We didn’t really follow the Oscar hype this year, but we saw a bunch of movies, so we were hopeful that the best ones we saw would be awarded accordingly. Here’s the breakdown by movie, with our thoughts on the whole thing after the break:
The Departed – 4
Pan’s Labyrinth – 3
Dreamgirls – 2
Little Miss Sunshine – 2
An Inconvenient Truth – 2
The Danish Poet – 1
West Bank Story – 1
Letters from Iwo Jima – 1
Happy Feet – 1
Marie Antoinette – 1
The Blood of Yingzhou District – 1
Babel – 1
The Queen – 1
The Last King of Scotland -1
Lives of Others – 1
Pirates of the Caribbean: Dead Man’s Chest – 1
So, we clocked all the speeches, except Melissa Etheridge, during whose speech we were distracted and forgot to bump the timer. Started when the first word was spoken, and stopped at a point when we guessed they’d say no more. If we were wrong, we estimated the extra time. We also clocked when the “play-off” music began. For speeches that ended before the music, we added one second for the music’s clock. A few tidbits from the results:
- The shortest speech was from the make-up guys from Pan’s Labyrinth at 37 seconds.
- The orchestra started playing them off at 34 seconds.
- Longest speech was from Martin Scorsese at 2:08. Second was Helen Mirren at 2:04, but Scorsese talks at least 3 times faster than anyone else who gave a speech that night.
- Excluding Etheridge, the average speech was just under 66 seconds, but the music began, on average, at the 64 second mark, a difference of nearly 1.5 seconds.
- The makers of the Best Foreign Film, Lives of Others, exceeded their time by the greatest among, 12 seconds. Best Supporting Actress Jennifer Hudson was over by 11 seconds. Screenwriter William Monahan, awarded for The Departed, was over by 8 seconds.
- Only six of 24 speeches involved the use of cards.
- Our favorite speech goes to Ari Sandel, who won Best Live Action Short for West Bank Story. He spoke about opportunity and hope, and managed to say something fairly memorable without being obnoxious, political, or long. Kudos. Plus, his movie looks great.
- Second place goes to Forrest Whitaker, who, much like Phillip Seymour Hoffman last year, was clearly very proud.
- Incidentally, P.S. Hoffman looked drunk when he presented.
- Was Diane Keaton high? Is there anyway she’s not a, um, passionate enthusiast of marijuana usage?
- Jennifer Hudson has a hell of a voice. Really, she blew Beyonce out of the water. No wonder she got cut from American Idol. Girl is clearly talented. Might even see Dreamgirls because of her.

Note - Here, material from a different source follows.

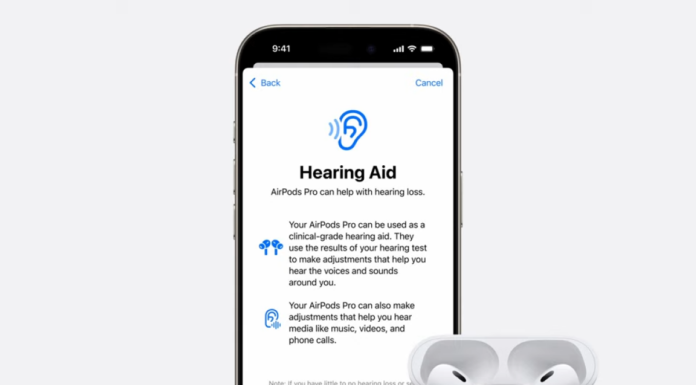 Apple announces AirPods Pro with hearing aid feature at ‘It’s Glowtime’ event AirPods Pro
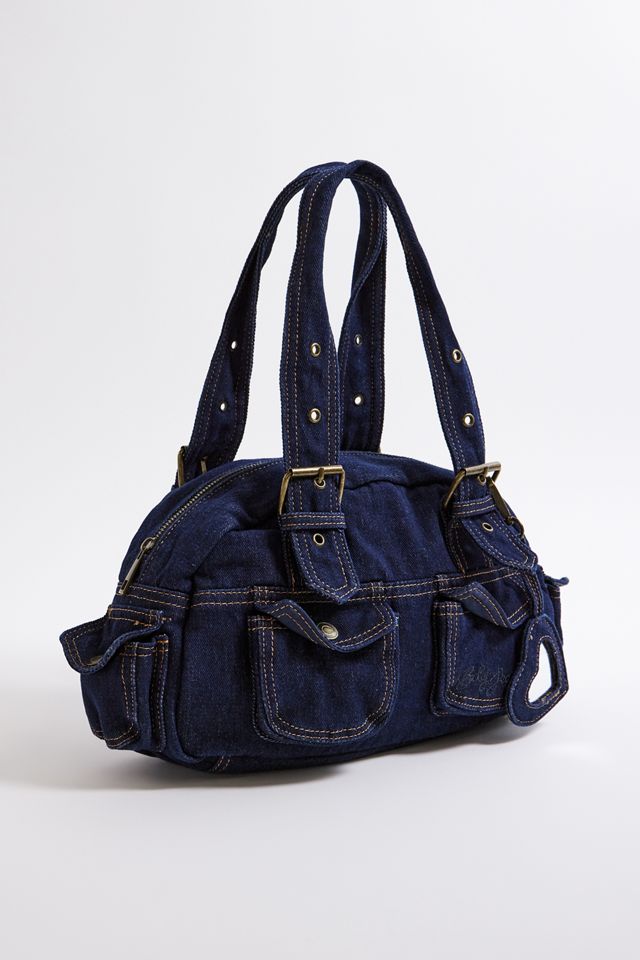 BDG Stella Denim Duffle Bag Urban Outfitters UK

- Good Lord do the actors and such in the room adore Al Gore. We like him, too, and the environment is one of our Big Things, but come on now, people. Let’s show some independence. Don’t repeat the same things over and over again.
- George Lucas, Steven Spielberg and Francis Ford Coppola presented Best Director, with Spielberg and Coppola teasing Lucas for never winning an Oscar. Do you think Lucas is laughing, too, because his six Star Wars flicks and his share of 3 Indiana Jones films have netted him more cash than either of these guys? We say yes.

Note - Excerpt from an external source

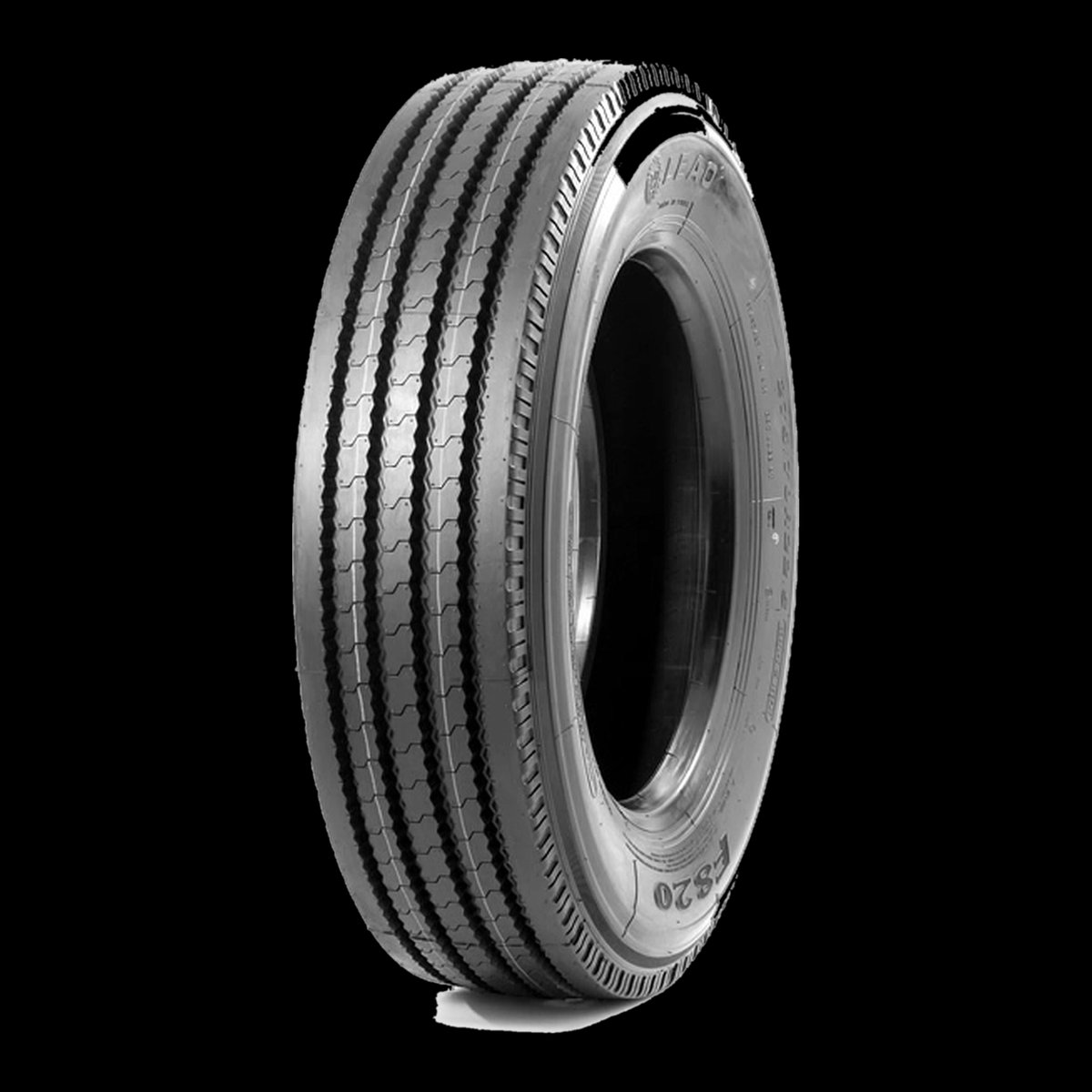 Leao F820 — hero black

- Celine Dion still sucks. As does Melissa Etheridge, Jodie Foster, and Ellen. Argh.
- Jack Nicholson’s dome is creepy.
- How Children of Men didn’t win for cinematography, and Pan’s Labyrinth didn’t win for Best Foreign Film, we do not understand.
- That said, we’re kind’ve curious about Lives of Others now, especially since Dan Shanoff astutely predicted the films upset victory.
- The sound effects choir is pretty sweet.
- How did Ennio Morricone never win an Oscar? This is proof that the Academy doesn’t know what they’re doing half the time. The man wrote the theme for The Good, the Bad, and the Ugly. You know that tune even if you’ve never seen the movie.
Anyway, enough of that. We’ll do an update on our progress regarding GoodEnough ’07 later today.